Call it the High Court of Justice effect: The March 31 ruling recognizing private Orthodox conversions is spurring a new rush of applicants for the alternative conversion programs. The independent Giyur Kahalacha courts report a major increase in applicants even though the network has yet to be officially recognized. The government conversion system has reported a steadily dwindling number of converts over the last few years. It now converts about 2,000 people a year, over two-thirds of them through the army’s Nativ program.
The High Court ruling concerned two specific Haredi courts, most notably the Badatz Bnei Brak court founded by Rabbi Nissim Karelitz. Someone from the court told Haaretz yesterday of a slight increase in the number of applicants for conversion, but also said the judges have no desire or intention to increase the number of converts under the High Court ruling, which the Haredi leadership opposed.

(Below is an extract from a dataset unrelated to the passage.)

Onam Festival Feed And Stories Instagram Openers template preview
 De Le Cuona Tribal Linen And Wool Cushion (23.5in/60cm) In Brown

The court repeated that it would only convert someone prepared to meet its strict standards of Torah observance.
The High Court’s ruling that non-Rabbinate Orthodox conversions can be recognized may also affect other courts. Giyur Kahalacha says that since the ruling it has been getting 20 to 30 inquiries a day, compared to 10 to 20 before the ruling.
The Giyur Kahalacha courts were established in August by leading religious Zionist rabbis, including Rabbi Nahum Rabinovitch of the Ma’aleh Adumim hesder yeshiva and Rabbi Shlomo Riskin of Efrat, who’d despaired of the state system, particularly after the blockage of the conversion bill that aimed to grant municipal rabbis the authority to oversee conversions. Since its inception, more than 200 people have converted through its courts, many of them immigrants from the former Soviet Union. Last month the chairman of the Knesset Committee for Immigration, Absorption and Diaspora Affair, MK Avraham Nagosa, cited a 10-percent decline in the number of converts through the Chief Rabbinate.
Giyur Kahalacha says the ruling that private Orthodox conversions must be recognized is “further shrinking the gap between private and state conversion and making private conversion another option for the thousands of Israelis who wish to convert.”
Ella, 41, a new immigrant who lives in Petah Tikva, recently converted along with her two children through Giyur Kahalacha. She approached the organization prior to the High Court ruling, after becoming fed up with the way she was being treated by the state conversion courts.
She says that even though it was made clear to her before the start of the process with Giyur Kahalacha that official recognition of her conversion could not be guaranteed, she still wanted “to immerse [in the mikveh] as a Jewish woman, even if the state wouldn’t recognize it.” Now, she says, she is also looking forward to official recognition.
“I didn’t come to convert in order to obtain a piece of paper or stamp of approval. I came in order to be able to immerse and to know for myself that I am a Jew. But the situation where we are not recognized makes no sense. There is no reason for this conversion not to be accepted.”